Bryant adamın gözlerinin içine baktı.
O adam, Bone Collector’dı. Savunmacıları öyle sık uçururdu ki, sakatlıktan kurtulamazlardı. Her iki adam da Rucker’da seyircilerin saygısını kazanmıştı.
“Yağmur fena bastırmıştı” demişti Williams’a, 17 yıl sonra.
Williams da başını sallayarak onayladı.
Anlaşıldığı üzere, Bryant’ın Harlem’e gelişi, kendisininki de dahil olmak üzere, birçok hayata etki etmişti. Belki de hayatında ilk kez, mesele oyunla ilgili değildi – oyunu oynadığı yerle ilgiliydi.
‘Prime Objective’: Rucker’da oynamayı ne kadar çok sevdiğinden ve böyle şeyler yapmayı ne kadar çok istediğinden bahsediyordu.
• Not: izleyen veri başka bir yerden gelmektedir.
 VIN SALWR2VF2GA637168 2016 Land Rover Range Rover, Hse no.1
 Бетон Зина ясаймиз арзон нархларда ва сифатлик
New York’ta yaşıyor olsaydı bunu hep yapardı.
‘Boobie Smooth’: Şampiyonluk kazanmış birinin oraya çıkıp oynadığını ve hâlâ bir şeyler kanıtlamak istediğini görmek... Final serisi maçlarını yerinde izleyemeyip, bunun için yeterli parası olmayan insanlara kendisini izleme imkanı sunmak... Oradaki insanlar için çok şey ifade ediyordu. Hâlâ bunun hakkında konuşuyorlar.
Mallozzi: Birkaç yıl sonrasında Kobe ile konuştum. Barınaklardaki insanlara yiyecek dağıtarak 2 kilometre kadar yürüdük. Harlem’de, Lennox Bulvarı’ndan aşağıya doğru yürümüştük sanırım. Rucker ziyaretinin, kariyerindeki en büyük deneyimlerden birisi olduğunu söylemişti. Hatırladığım kadarıyla şöyle demişti: “Bütün büyük oyuncular o parktan geçti, Wilt oradan geçti. Walt Frazier, Earl Monroe...”
Mishkin: Rucker elbette tarihinde efsanevi oyuncular bulunan bir yer; çünkü elimizde bazı görüntüler olsa da, hikayeler anlatılarak nesilden nesile yayılıyor. O akşam orada bulunan insanların, o günden bu yana birçok kez bu konuyla alakalı hikayeler anlattığından hiç şüphem yok.
Greg Marius (Rucker Park ile alakalı bir videodan): Kobe Bryant’ın geleceği günü, iki yılı aşkın zamandır bekliyorduk... Bizim için tarih yazdı.
Kobe Bryant (aynı videodan): O günden aklımda kalacak olan şey, maçı izleyen insanlar ve onlarla girdiğim etkileşim. Birlikte iyi vakit geçirmek ve laf dalaşı yapmak. Ve tabii güzel basketbol.